Qalandiya, Sun 30.6.13, Morning
When we arrived at 05:00, there was already a long line. The women representing the World Council of Churches had been there since 04:30 and said the lines had been moving efficiently. The soldier inside the control booth was an Arab-speaker and gave all the instructions clearly over the loudspeaker. This soldier also opened the carousels at a reasonable speed and there were no complaints from the workers at that point. At around 05:20, the policeman who is in charge of the area arrived, entered the control booth, and spoke with the soldier. Afterward, the situation changed and the carousels opened lessoften and the lines grew. One of the workers asked us, “Aren’t we human beings? Why don’t they relate to us as human beings?”

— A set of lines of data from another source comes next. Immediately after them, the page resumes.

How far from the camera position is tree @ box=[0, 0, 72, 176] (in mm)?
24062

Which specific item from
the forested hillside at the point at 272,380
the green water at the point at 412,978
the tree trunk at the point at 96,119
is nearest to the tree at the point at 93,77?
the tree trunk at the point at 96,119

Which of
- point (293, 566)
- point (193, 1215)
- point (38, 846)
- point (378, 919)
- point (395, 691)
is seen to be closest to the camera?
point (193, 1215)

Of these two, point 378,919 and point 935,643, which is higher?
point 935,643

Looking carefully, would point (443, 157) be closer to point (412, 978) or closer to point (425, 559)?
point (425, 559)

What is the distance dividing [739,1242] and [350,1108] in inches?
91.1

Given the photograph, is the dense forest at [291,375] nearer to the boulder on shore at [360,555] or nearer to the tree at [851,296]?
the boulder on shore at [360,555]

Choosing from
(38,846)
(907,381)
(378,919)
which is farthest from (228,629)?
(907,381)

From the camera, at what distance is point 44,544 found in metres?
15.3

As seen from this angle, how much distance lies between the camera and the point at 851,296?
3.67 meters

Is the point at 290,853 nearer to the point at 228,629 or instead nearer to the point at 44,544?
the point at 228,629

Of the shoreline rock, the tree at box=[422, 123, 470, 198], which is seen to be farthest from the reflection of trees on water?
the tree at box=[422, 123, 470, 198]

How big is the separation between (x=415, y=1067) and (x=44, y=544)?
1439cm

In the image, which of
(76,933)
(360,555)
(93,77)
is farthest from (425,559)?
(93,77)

At 06:20, the Humanitarian Gate was not yet open. The second soldier, whose duty it was to check permits and let people through at the Humanitarian Gate, entered the area very slowly, with coffee in hand. He did not open the gate until the security guard came, in another 10 minutes. In the meantime, the second soldier went into the control booth to finish his coffee. The people standing at the Humanitarian Gate saw this and asked us to help. Among those waiting for the gate to open were three tall, well-dressed men. One of the men explained that they had a court case on a complaint they made about appropriation of their land and they had to get to the court in time. The soldier looked at them and said, “It’s OK. The courts don’t open until 9:00.” The Humanitarian Gate finally opened at about 06:30.
On the same morning, two representatives of “Blue and White,” visited Kalandia to observe the process of passing through the checkpoint. They saw the incident with the three men who had court appearances, but did not interfere as we did. After 20 or 30 minutes, when the lines thinned out, the two representatives began to speak with the two soldiers on duty—as colleagues—not as observers who wanted to encourage fast and efficient passage.